Brief: Without the pictures, repeat all of the data exactly as it appears below.

Supplied information:
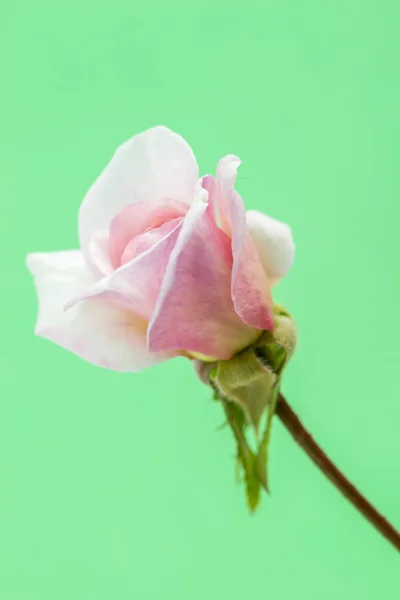Rose et jardin — Photo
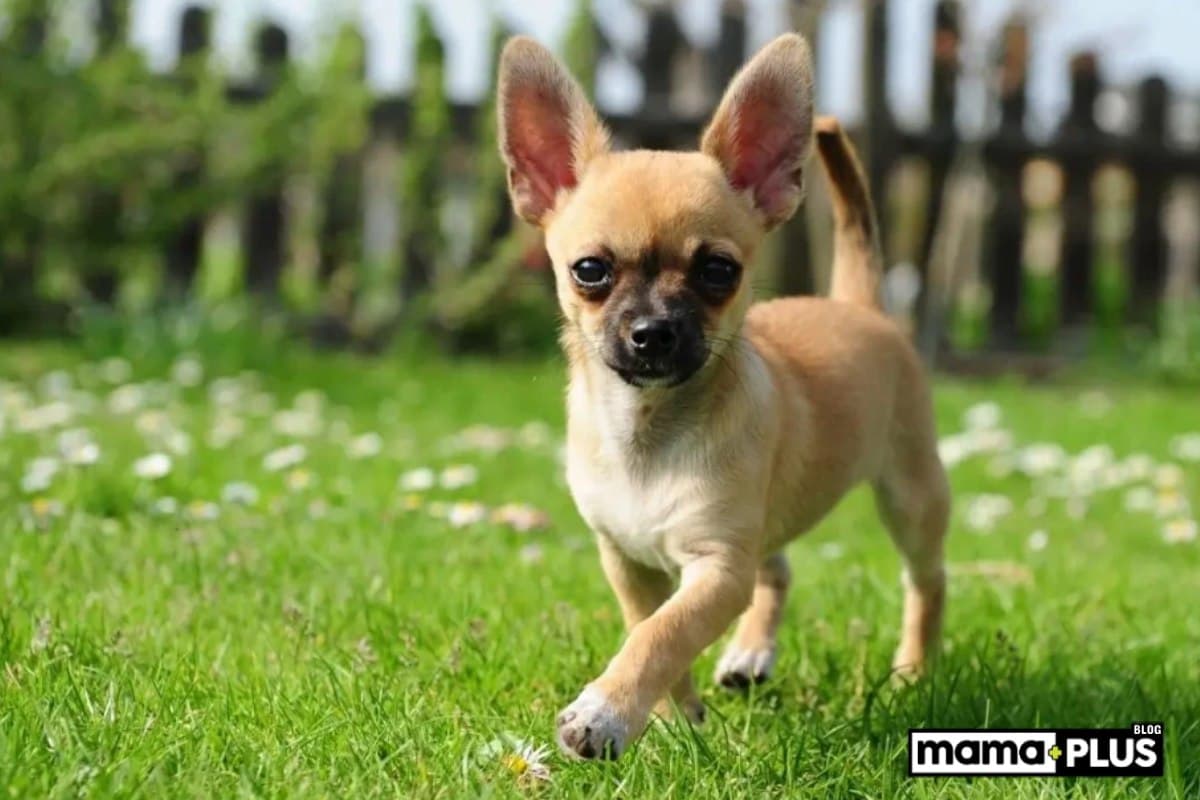 Büyümeyen Köpek Irkları İçin Mama Tavsiyesi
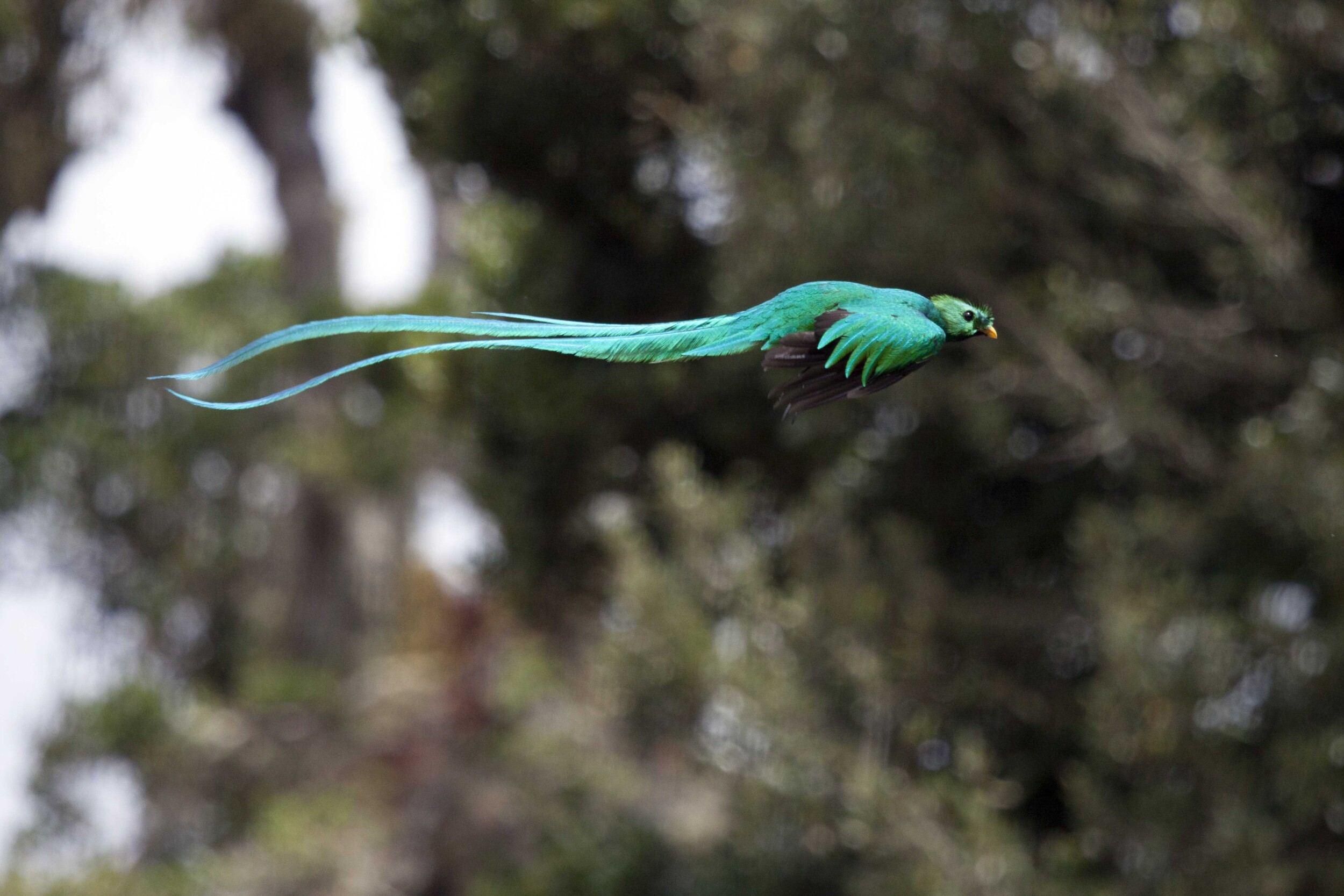 Quetzal_im_Flug_low.jpg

Task response:
Rose et jardin — Photo
 Büyümeyen Köpek Irkları İçin Mama Tavsiyesi
 Quetzal_im_Flug_low.jpg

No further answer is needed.